Par Michel Gorand, Frank Georgi

Né le 20 août 1920 à Lyon (Rhône), mort le 13 janvier 2005 à Chambéry (Savoie) ; ajusteur ; secrétaire du syndicat chrétien de la métallurgie (CFTC) de Chambéry (1942-1943) ; résistant ; secrétaire général du CDL de la Savoie ; secrétaire général de la Fédération CFTC de la métallurgie (1944-1951) ; membre du bureau confédéral de la CFTC (1948-1951) ; cofondateur du groupe « Reconstruction ».

Charles Savouillan
Charles Savouillan

Charles Savouillan, fils de Xavier Clovis Savouillan, cheminot au PLM, et de Marie Louise Domenget, passé par le scoutisme, aurait adhéré à la CFTC dès 1936. Titulaire d’un CAP de serrurerie, puis de dessinateur industriel, il fut embauché comme ajusteur dans une usine d’aluminium de Chambéry en 1939 et intégra alors le syndicat chrétien de la métallurgie de Chambéry (CFTC), où il fut collecteur, puis secrétaire de la section de son entreprise. À son retour des Chantiers de la jeunesse, il retrouva son emploi à Chambéry et rencontra Lucien Rose*, secrétaire de l’Union départementale, qui, séduit par son dynamisme, l’encouragea à devenir délégué du personnel, puis secrétaire du syndicat de la métallurgie en 1942. En avril 1943, il était trésorier de l’union locale des syndicats chrétiens de Chambéry. Il anima dans son usine de la métallurgie à Chambéry, la grève de 1943 contre le STO, puis, en octobre il fut chargé par Lucien Rose, devenu l’un des dirigeants régionaux de la Résistance, d’organiser l’action ouvrière clandestine en Savoie. Le 19 octobre 1943, les UD ex-CFTC et ex-CGT de Savoie signèrent un accord pour la création d’un « comité d’unité d’action » chargé de la défense et de la formation des travailleurs dans le cadre départemental : Charles Savouillan, Lucien Rose et Albert Fontaine en furent les signataires pour la CFTC. Le jeune Savouillan (qui prit pour pseudonyme « Guerrier ») sillonnait le département à bicyclette, tissant patiemment ses réseaux, nouant des relations avec des militants syndicalistes, chrétiens, socialistes, communistes. Repéré, il passa en 1944 en Haute-Savoie, où il poursuivit son travail d’organisation.

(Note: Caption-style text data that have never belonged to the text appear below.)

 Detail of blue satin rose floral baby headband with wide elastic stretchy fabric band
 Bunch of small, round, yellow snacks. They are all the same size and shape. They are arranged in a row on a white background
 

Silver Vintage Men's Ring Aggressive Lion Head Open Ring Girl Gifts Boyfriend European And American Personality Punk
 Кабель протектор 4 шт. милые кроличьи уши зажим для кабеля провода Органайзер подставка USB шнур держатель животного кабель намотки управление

Il fut l’un des représentants de la CFTC au Comité départemental de libération (CDL) de la Savoie. Dans ce département, les milices patriotiques furent créées sous la responsabilité du CDL en juin 1944 avec un noyau permanent chargé de l’organisation de ces milices composé de « Horace » (Ferdinand Granet pour la CGT) et de « Guerrier » (Charles Savouillan pour la CFTC) et ce sont les syndicats dans les entreprises qui en ont fourni la base. Elles furent un élément actif dans le déclenchement de la grève générale à la Libération. Charles Savouillan et Lucien Rose prirent possession de la préfecture le 23 août 1944, où ils réunirent dans la journée le Comité départemental de libération de la Savoie. Le premier en prit la présidence, le second assumant auprès de lui les fonctions de secrétaire général.

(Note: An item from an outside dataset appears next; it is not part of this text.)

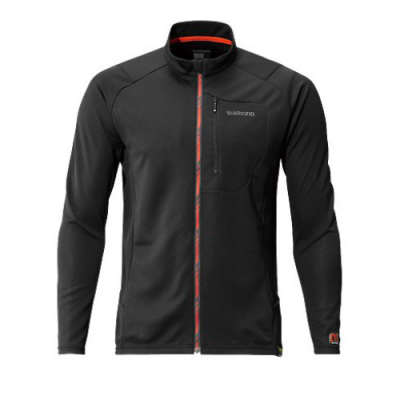 Футболка Shimano MS Full Zip Shirt (long sleeve) SH-001N Черный XL (EU. L)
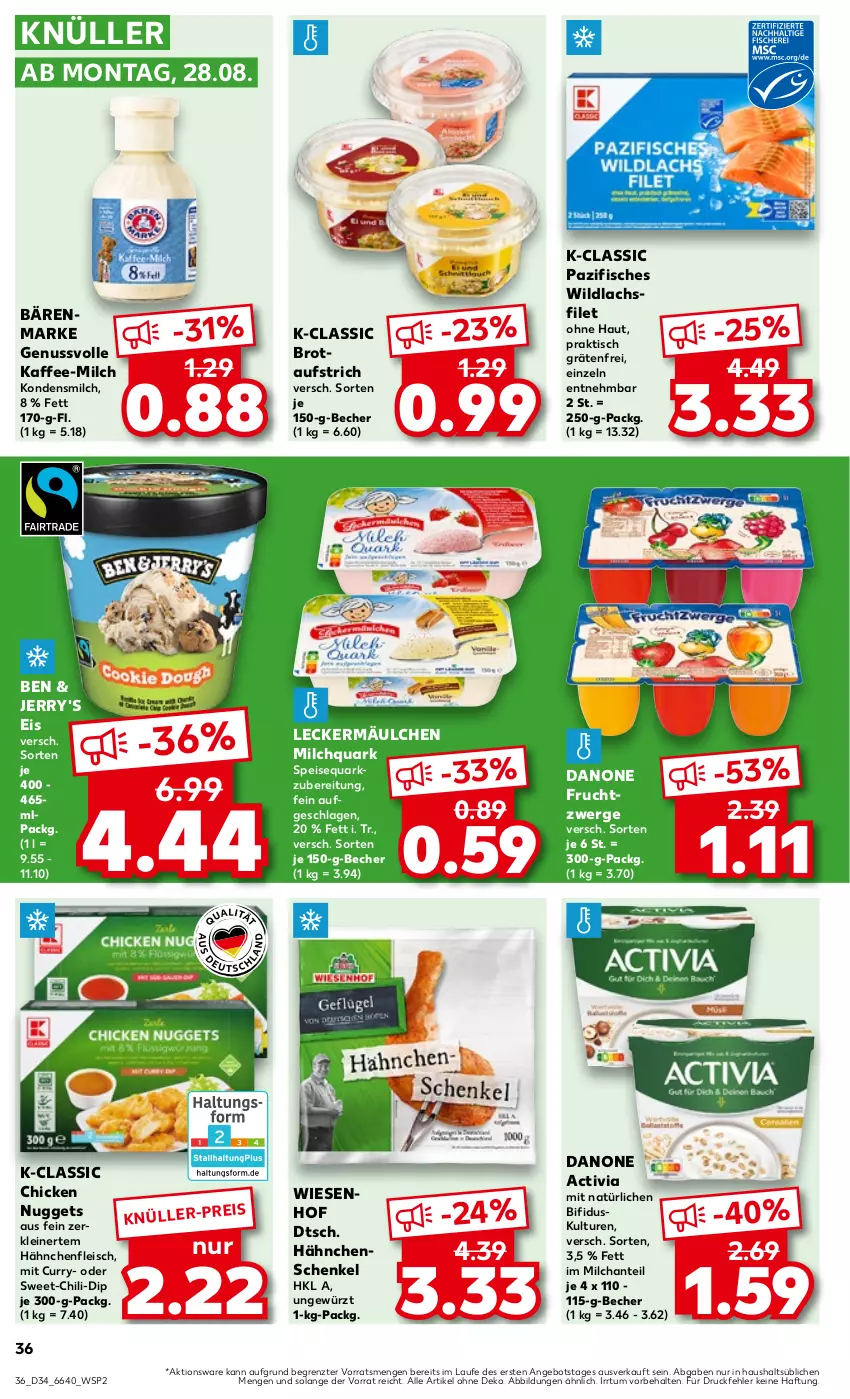 Aktueller Prospekt Kaufland - Prospekt - von 24.08 bis 30.08.2023 - strona 36 - produkty: activia, angebot, aufstrich, bärenmarke, Becher, bifi, brot, brotaufstrich, chicken nuggets, chili, curry, danone, danone activia, danone fruchtzwerge, dip, eis, filet, fisch, fische, fleisch, frucht, fruchtzwerge, gewürz, Hähnchenfleisch, hähnchenschenkel, henkel, kaffee, kondensmilch, lachs, lachsfilet, leckermäulchen, leine, milch, nuggets, nuss, quark, schenkel, speisequark, Ti, tisch, wiesenhof, Wild, wildlachs, ZTE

Présent à Paris début décembre 1944 à l’occasion du premier comité national de la CFTC reconstituée, il se retrouva, un peu par hasard, parmi les militants métallurgistes réunis en bureau fédéral pour relancer l’activité de la fédération. Le président Charlemagne Broutin donna lecture de la lettre de démission du responsable historique des syndicats ouvriers chrétiens, Jean Pérès, secrétaire délégué de la Métallurgie, pour cause de proximité avec Vichy, et constata l’absence de Joseph Botton, secrétaire fédéral permanent, demeuré aux Etats-Unis où il avait rejoint Paul Vignaux pour y représenter la résistance syndicale française. En l’absence de postulant parisien pour assurer la fonction de secrétaire général, il se tourna vers les provinciaux et le nom de Charles Savouillan, qui avait « fait ses preuves » en Savoie, fut mis en avant. Celui-ci, réticent au départ, finit par se laisser convaincre par Lucien Rose de déménager à Paris avec son épouse, alors sur le point d’accoucher. Aux yeux de ses camarades, son absence totale d’expérience au plan national serait compensée par les qualités d’organisateur, le sens syndical et l’esprit d’initiative dont il avait fait preuve sous l’Occupation. Par ailleurs, l’image du résistant courageux qu’il fut ne pouvait que rejaillir positivement sur celle de la fédération qu’il incarnerait désormais.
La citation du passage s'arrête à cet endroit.